"A child's learning is the function more of the characteristics of his classmates than those of the teacher." James Coleman, 1972
Thursday, December 11, 2014
I have long known that students are individuals, each with their own style of learning. They come to classrooms with varying degrees of competencies. They come with a wide variety of interests, motivations, hopes and dreams. They come from a wide variety of socioeconomic and family environments, even within the same towns, districts or neighborhoods. So why are public schools presently being told to teach students as if they are all the same? Why are they being taught in a substandard and homogenized way?
All of you can decide on the answers to that question, and there are many that I will don’t rant about here. I have done plenty of that. It is not the time to rant. It is, as it usually is, the time to discuss and propose options and better solutions and better solutions.
It is a lie to say schools do not have high expectations, even for selfish reasons. Who wants to look bad? As Linda Darling Hammond and Hilary McLean have written in a piece published in the Sacramento Bee, students must be “tested” on the right skills for college and career. And by tested they and I don’t mean standardized tested.
The rhetoric we hear talks about students needing to be creative, critical thinkers, socially responsible, and lifelong learners. Hammond and McLean tell us, and I concur, that as long as policies continue to give schools grades those policies are hypocritical. This century has been devoted to an accountability system based on standardized tests that measure relatively low-level skills and have been supported by the common curricula and test preparation time that support these tests.
Tests obviously have their place in measuring preparedness but we should not be relying on them as heavily to help us understand how our students become who we say we want them to become.
Innovation is a funny word. I know of many educational techniques and programs that were innovated 40 and 50 years ago that were proven to work, but now have a hard time being recognized for their success in the US because they are not supported by those “invested” in new innovation for profit.
Project based learning, portfolio assessments, inquiry, mastery learning, and various programs offering experiential learning intertwined with academic learning have long existed and been quite successful. I ask, who profits at their loss? Not our students.
Let’s return to those goals we have for high school graduates. Ultimately we want them to be successful at whatever they do post high school, whether it be college, career, or post college career. To be successful we want them to be creative, critical thinkers, socially responsible, and lifelong learners. So what programs have 21st century policies funded that explicitly do that? VERY FEW.

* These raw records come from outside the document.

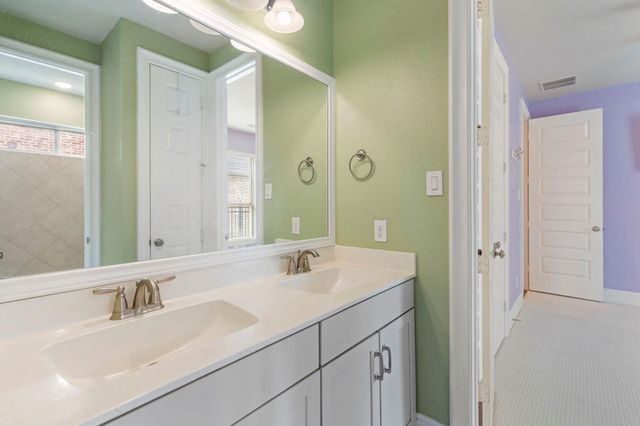 23 Whitbarrow Place, The Woodlands, TX 77375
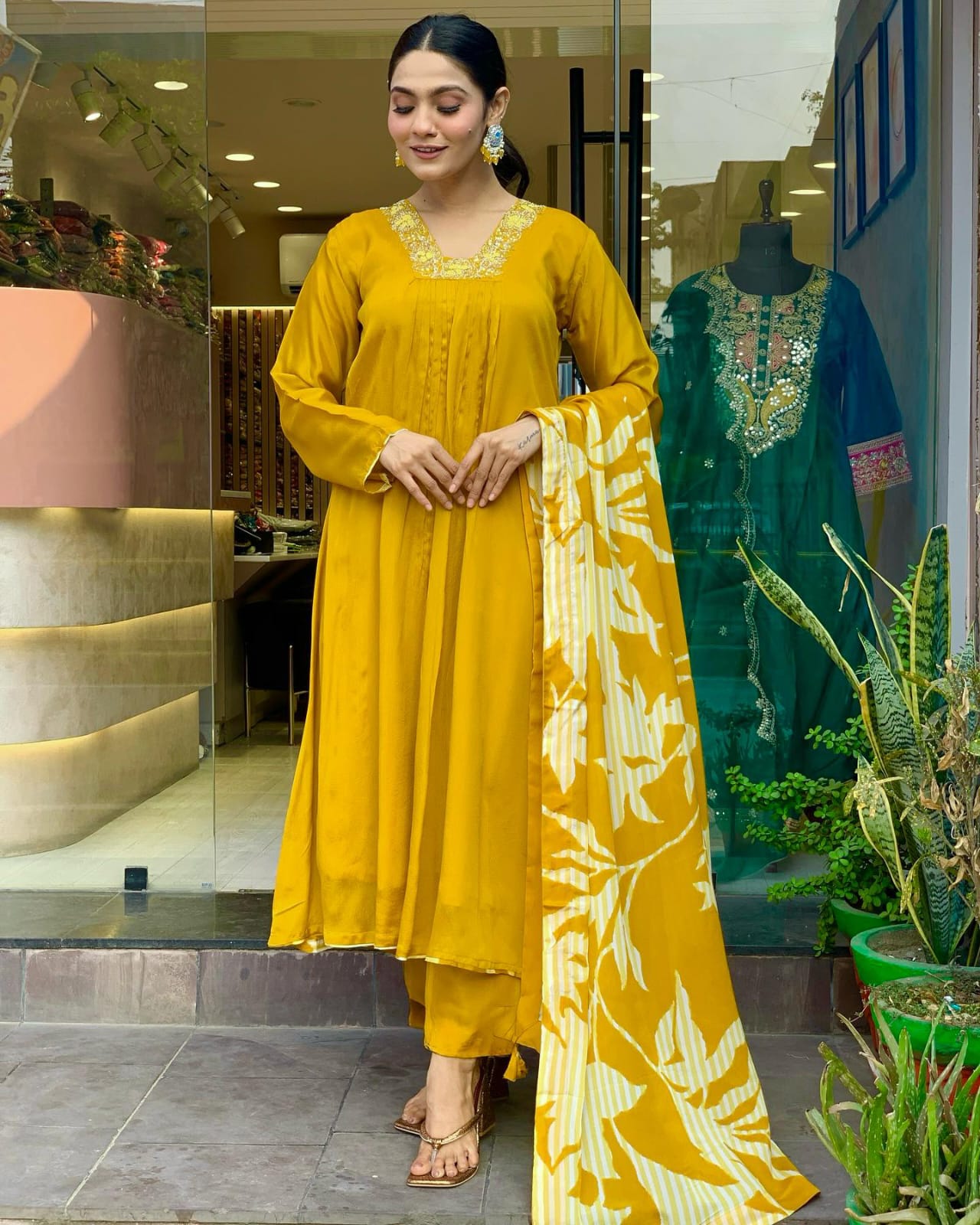 PRD0055 Introducing New 3 pcs set for party wear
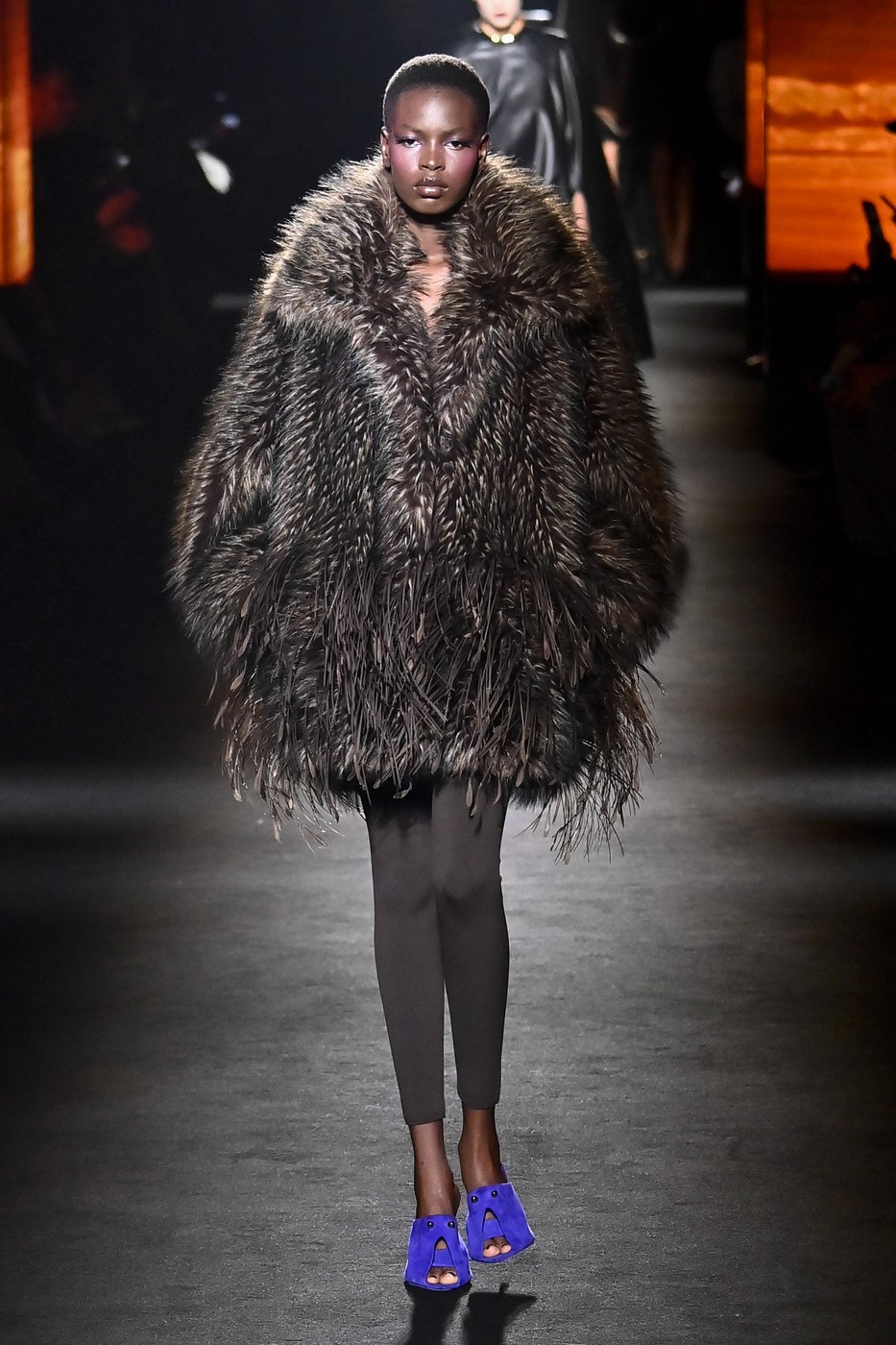 Balenciaga 2026-2027 őszi-téli kollekció egyik modellje a kifutón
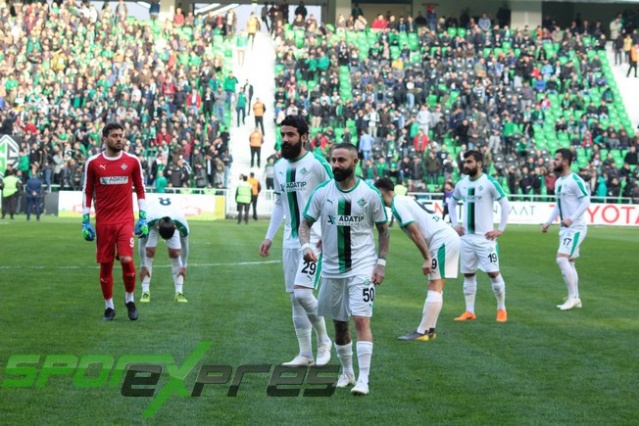 Sakaryaspor-Manisaspor maçı fotoğrafları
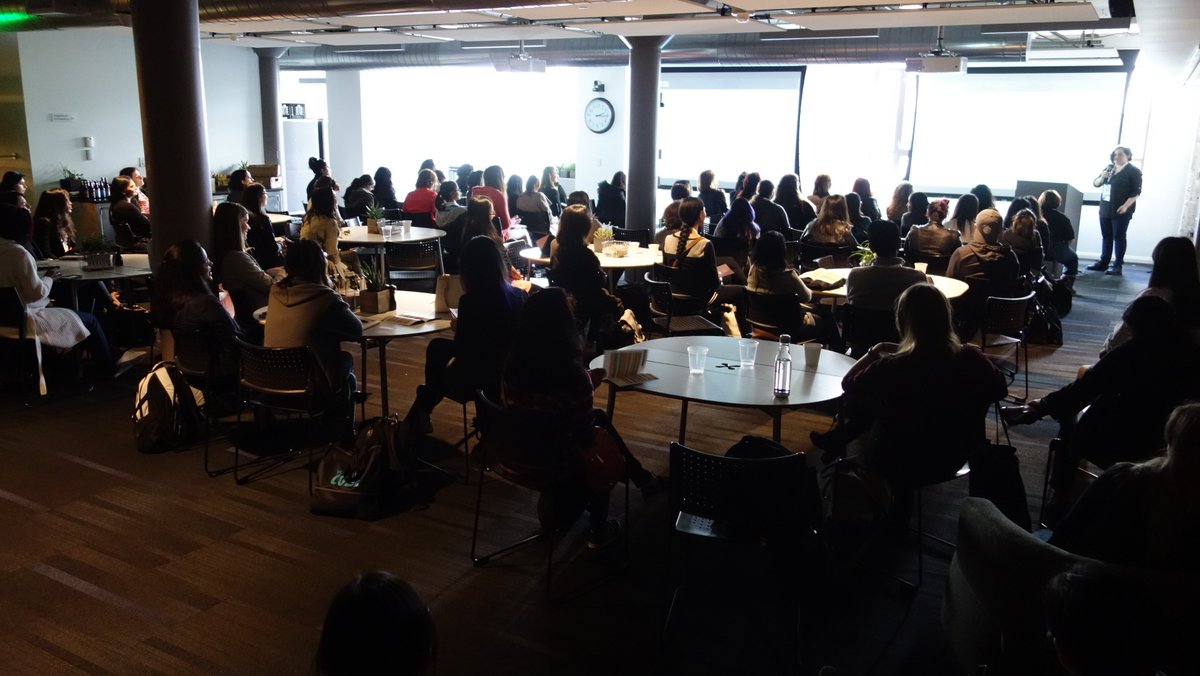 WWCodesandiego's tweet image. Full house for @WWCodesandiego&apos;s director @LesliePajuelo !! We have never heard so much laughter at a tech talk! #DoLess #WalmartLabs #WWCode #WWCodeSanDiego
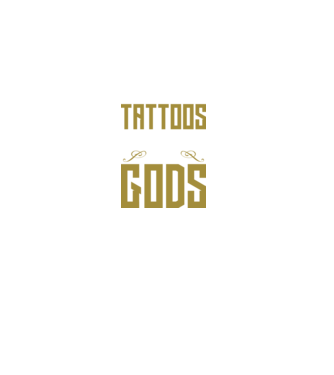 A man without tattoos is invisible to the gods model negru pe tricou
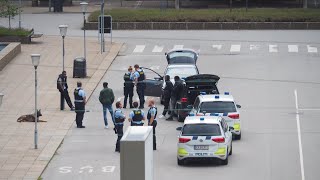 Politiet anholder 3 unge mænd i en lejet Mercedes fyldt med tyvekoster  Police arrests 3 thiefs [upl. by Guod]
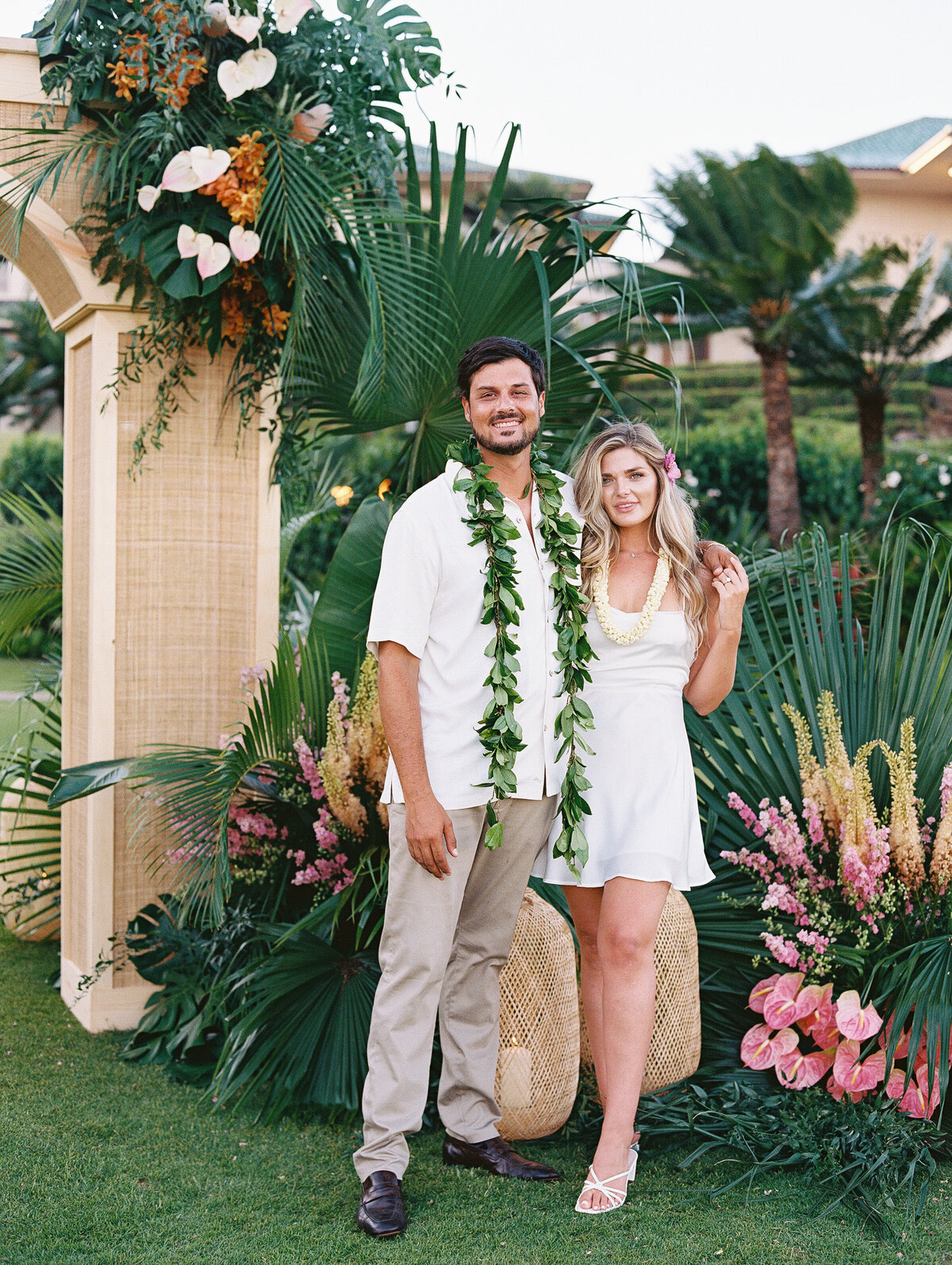 Kauai Wedding photographer Mami Wyckoff Photography engagement family maternity portrait 122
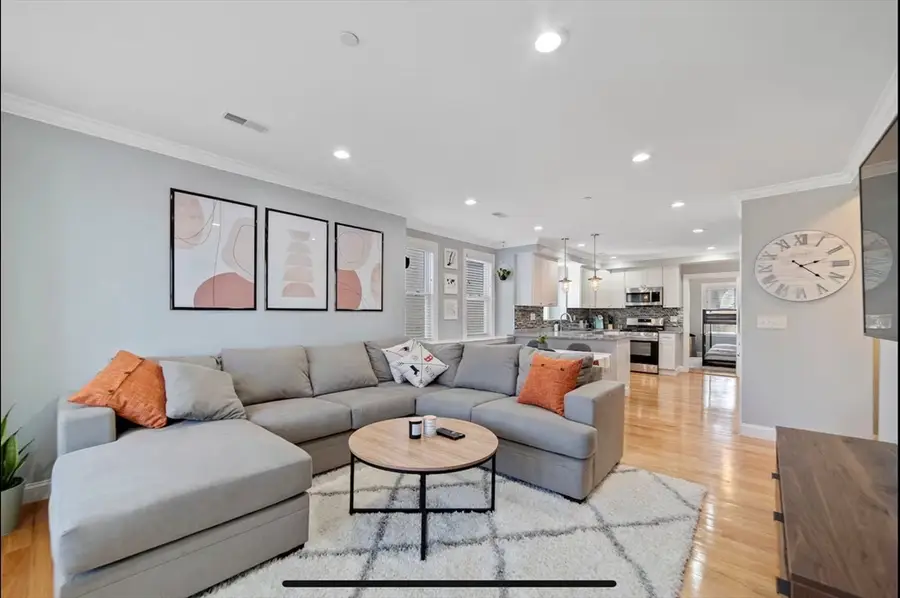 9 Wales St, Boston, MA 02124 - #3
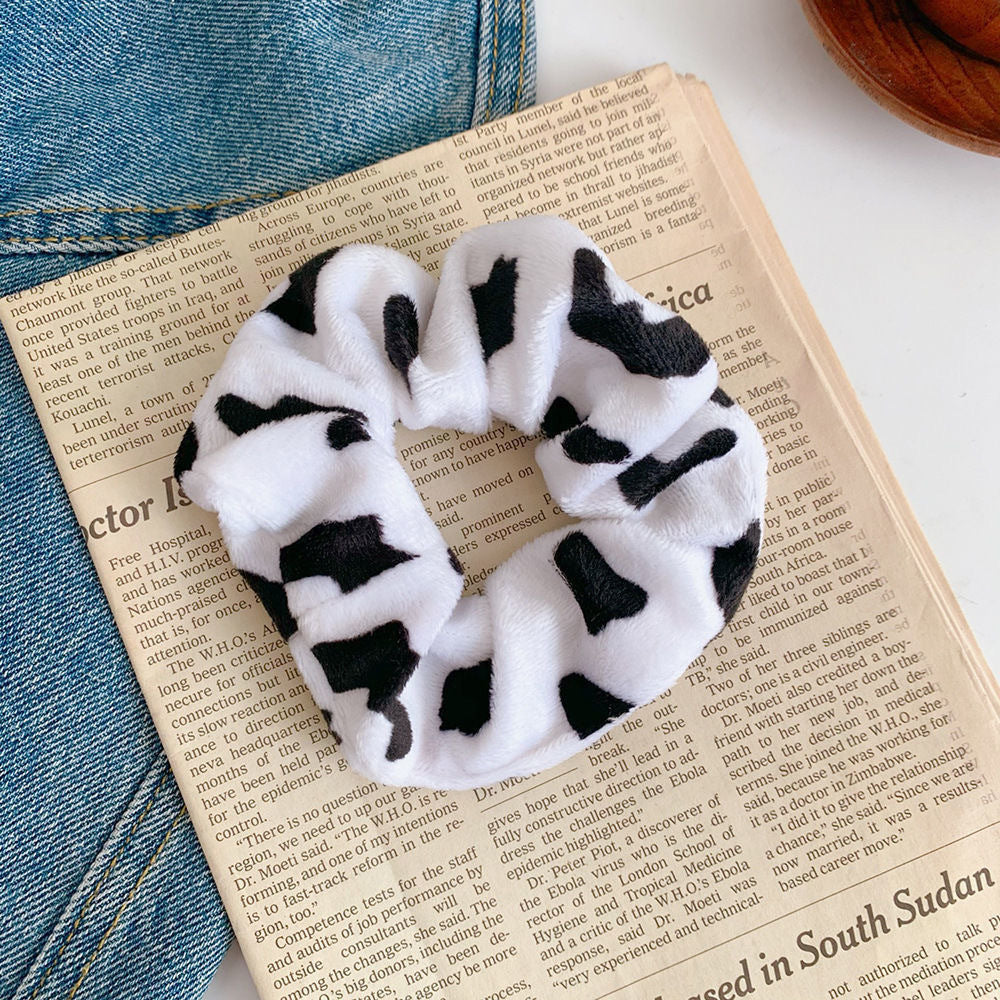 Wholesale Black and White Spotted Plush Hair Scrunchies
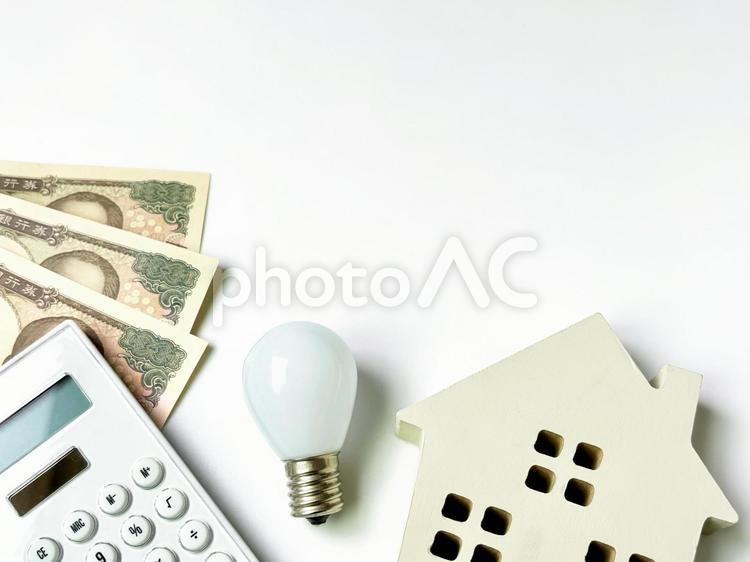 家の模型_電球_電卓_お金_1 家,マイホーム,住宅の写真素材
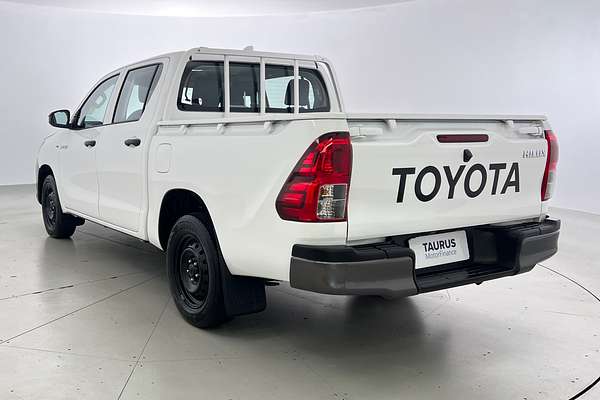 2023 Toyota Hilux Workmate TGN121R Rear Wheel Drive thumb-2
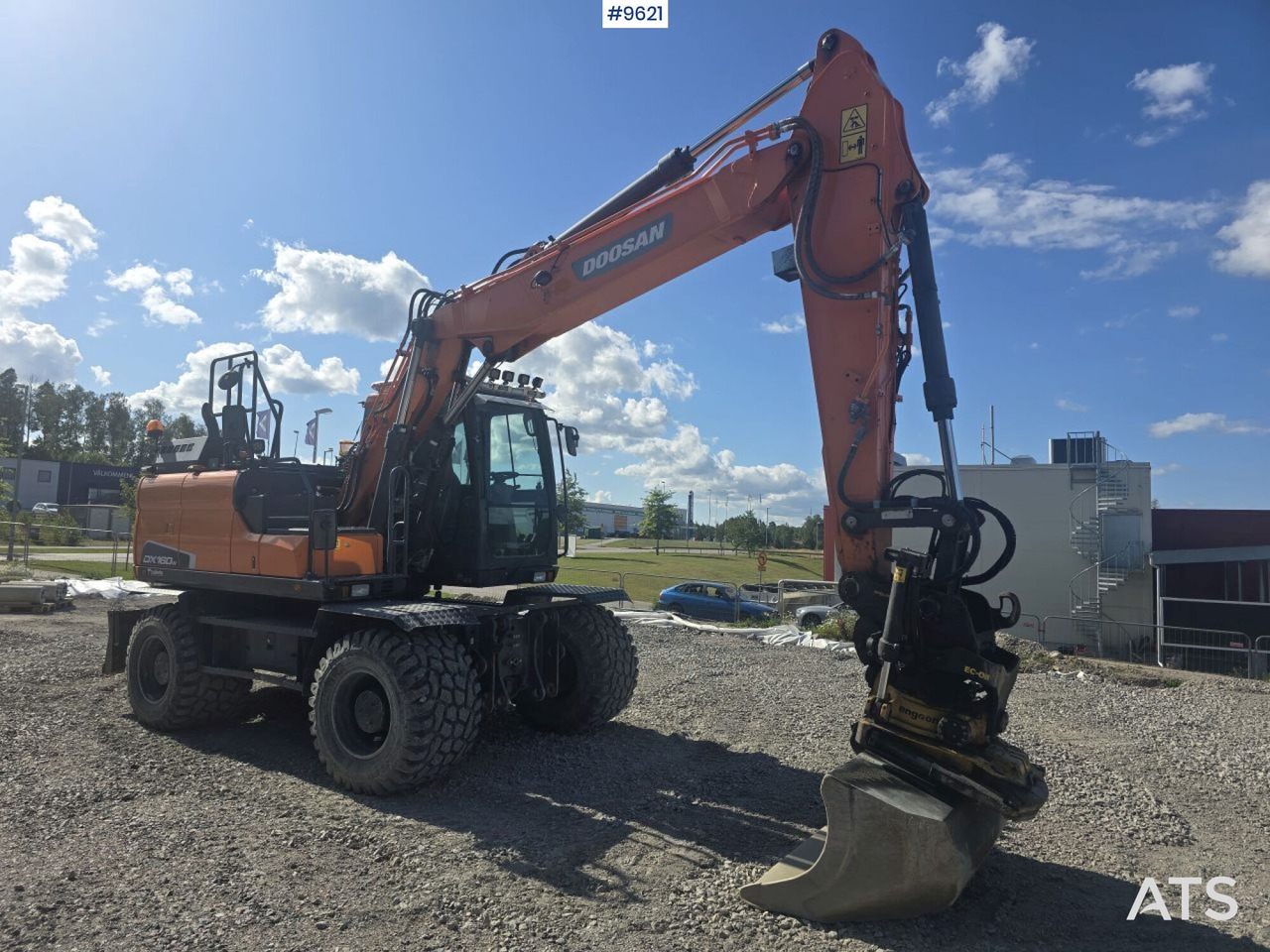 Wheeled Excavator Doosan DX160W with attachment and trailer - Багер на тркала: слика 2 Wheeled Excavator Doosan DX160W with attachment and trailer - Багер на тркала: слика 2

Why? Why do we dismiss what worked to excite, challenge, and make relevant while at the same time prepare them to excel at careers and college?
We are standardizing and commonizing them to intellectual death. Most are bored, unchallenged, and think most classes are irrelevant. All you have to do is ask them.
So I want to celebrate what I, thousands of teachers, and tens of thousands of students and parents know works: well-designed, highly structured, experiential academic programs such as WISE and California’s Linked Learning. These programs “integrate academic and technical courses in high school with real-world workplace learning. The objective is that every student will graduate ready for a wide range of postsecondary and career options” (Hammond and McLean) as well as develop the life skills we all know are necessary to be successful in general.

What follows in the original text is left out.